8. Section 409A. The parties intend that any amounts payable hereunder comply with or are exempt from Section 409A of the Internal Revenue Code (“Section 409A”) (including under Treasury Regulations Sections 1.409A-1(b)(4) (“short-term deferrals”) and (b)(9) (“separation pay plans,” including the exceptions under subparagraph (iii) and subparagraph (v)(D)) and other applicable provisions of Treasury Regulation Sections 1.409A-1 through A-6). For purposes of Section 409A, each of the payments that may be made under this Agreement shall be deemed to be a separate payment for purposes of Section 409A. This Agreement shall be administered, interpreted and construed in a manner that does not result in the imposition of additional taxes, penalties or interest under Section 409A. FBL and Employee agree to negotiate in good faith to make amendments to the Agreement, as the parties mutually agree are necessary or desirable to avoid the imposition of taxes, penalties or interest under Section 409A. Notwithstanding the foregoing, FBL does not guarantee any particular tax effect, and neither FBL nor any of its affiliates shall have any obligation to indemnify or otherwise hold Employee (or any beneficiary) harmless from any or all of such taxes, penalties or interest.
9. Governing Law.
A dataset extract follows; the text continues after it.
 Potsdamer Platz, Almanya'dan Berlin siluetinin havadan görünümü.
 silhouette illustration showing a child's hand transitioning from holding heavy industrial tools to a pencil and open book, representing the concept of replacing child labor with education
This Agreement shall be governed by, and construed in accordance with, the laws of the State of Iowa.
IN WITNESS WHEREOF, FBL has caused this Agreement to be duly executed by an officer thereunto duly authorized, and Employee has executed this Agreement, with an effective date of December 30, 2011.
FBL FINANCIAL GROUP, INC.
/s/ XXXXX X. XXXX
By:____________________________
Xxxxx X. Xxxx, Chairman of the Board
/s/ XXXXX X. XXXXXXX
_______________________________
Xxxxx X. Xxxxxxx, “Employee”
Exhibit A
Policy: Impact of Restatement of Financial Statements Upon Awards. (Adopted by Management Development and Compensation Committee December 2006.)
If any of the Company's financial statements are restated because of errors, omissions or fraud, the Committee may (in its sole discretion, but acting in good faith) direct that the Company recover all or a portion of awards of bonuses, and grants of options and restricted stock options (together, “awards”) with respect to any fiscal year of the Company the financial results of which are negatively affected by such restatement. Recoveries may be made from all officers in the Section 16 reporting group regardless of fault, and from any other persons whom the Committee believes were involved in misconduct causing the required restatement (together, “Participants”). Misconduct involves more than mere negligent job performance. The amount to be recovered from the Participant shall be the amount by which awards exceeded the amount that would have been payable to the Participant had the financial statements been initially filed as restated, or any greater or lesser amount (including, but not limited to, the entire award) that the Committee shall determine. The Committee shall determine whether the Company shall effect any such recovery (i) by seeking repayment from the Participant, (ii) by reducing (subject to applicable law and the terms and conditions of the applicable plan, program or arrangement) the amount that would otherwise be payable to the Participant under any compensatory plan, program or arrangement maintained by the Company or any of its affiliates, (iii) by withholding payment of future increases in compensation (including the payment of any discretionary bonus amount) or grants of compensatory awards that would otherwise have been made in accordance with the Company's otherwise applicable compensation practices, or (iv) by any combination of the foregoing. Provisions reflecting this policy shall be placed in all award grant instruments delivered to Participants.